The “Arc de Trump” will be erected near the Arlington Bridge, opposite the Lincoln Memorial, according to the president. It will be modeled after the Arc de Triomphe in Paris, the historic monument that commemorates those who fought and died for France during the country’s revolution and the Napoleonic Wars.

Earlier this month, Trump claimed that early models for his arc were so evocative that his former speechwriter, Vince Haley, cried at their beauty.

“Vince came in one day, and his eyes were teeming. He couldn’t believe how beautiful. He saw it, and he wanted to do that,” the president said at a White House Christmas reception.

The president’s arc campaign is the latest in a string of high-profile projects that he has pitched ahead of the country’s 250th anniversary.
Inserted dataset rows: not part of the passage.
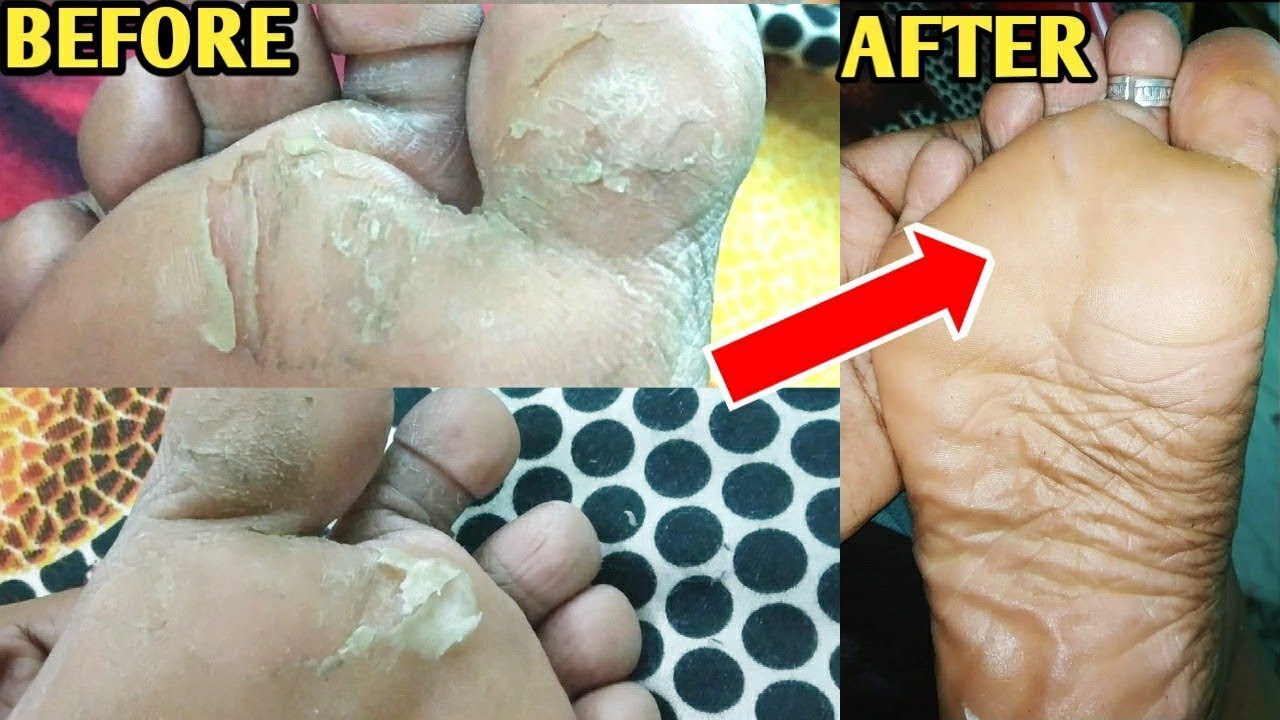 💯 Live result in 2mints Removing Hard Dead Skin from Foot Skin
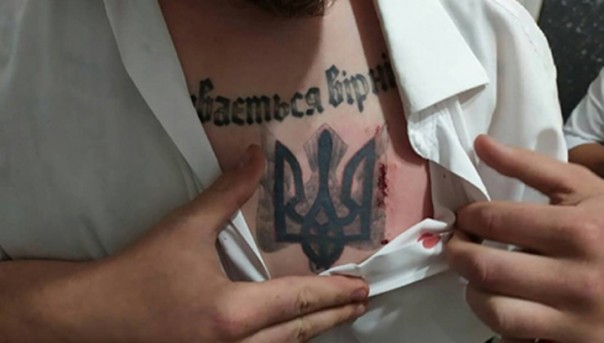 Ножом в грудь "за правду": один кандидат в депутаты обвинил другого в покушении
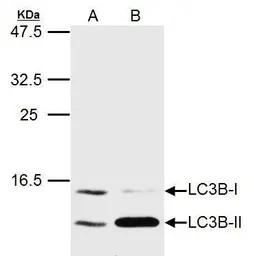 Anti-LC3B antibody used in Western Blot (WB). GTX127375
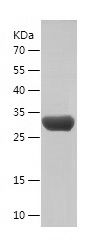    CEP290 / Recombinant Human CEP290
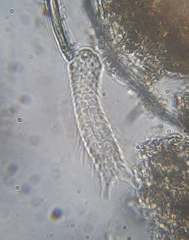 Chaetonotida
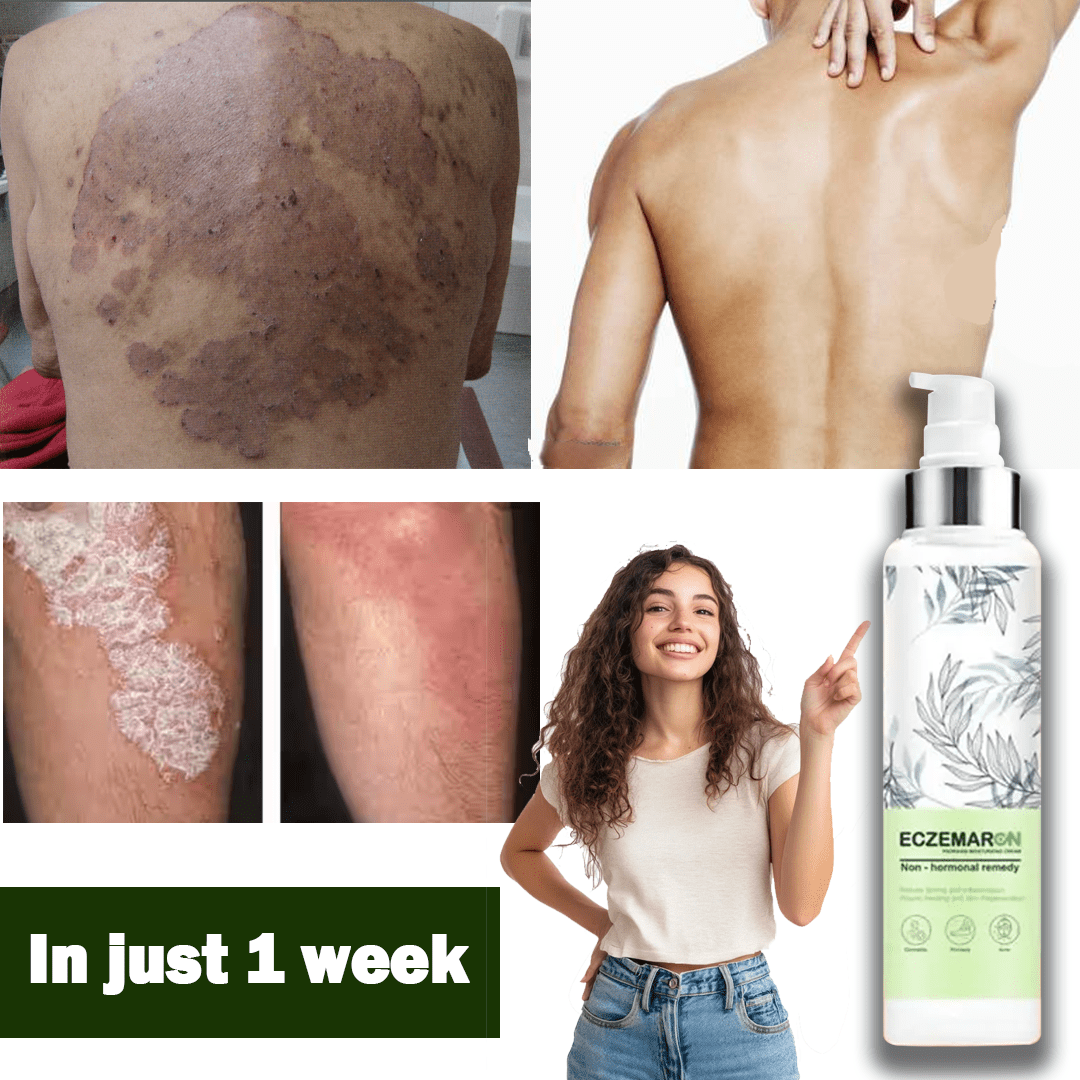 Ecze+ Anti Fungal Spray - Doctor's Recommended 👨🏽‍⚕️ Buy 1 Get 1 Free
He’s already hard at work on a 90,000-square-foot ballroom, the construction of which apparently required the complete demolition of the White House East Wing, despite the fact that Trump pledged months earlier that the project would be “near but not touching” the presidential mansion.

Trump also renovated Jackie Kennedy’s famous Rose Garden, mowing down flowers in order to literally pave paradise; gutted the Lincoln bathroom, transforming it from Lyndon B. Johnson’s favorite office into a marble-slathered eyesore; and swapped the historic Palm Room’s lush green tones and tall ferns for white paint and framed photos of plants.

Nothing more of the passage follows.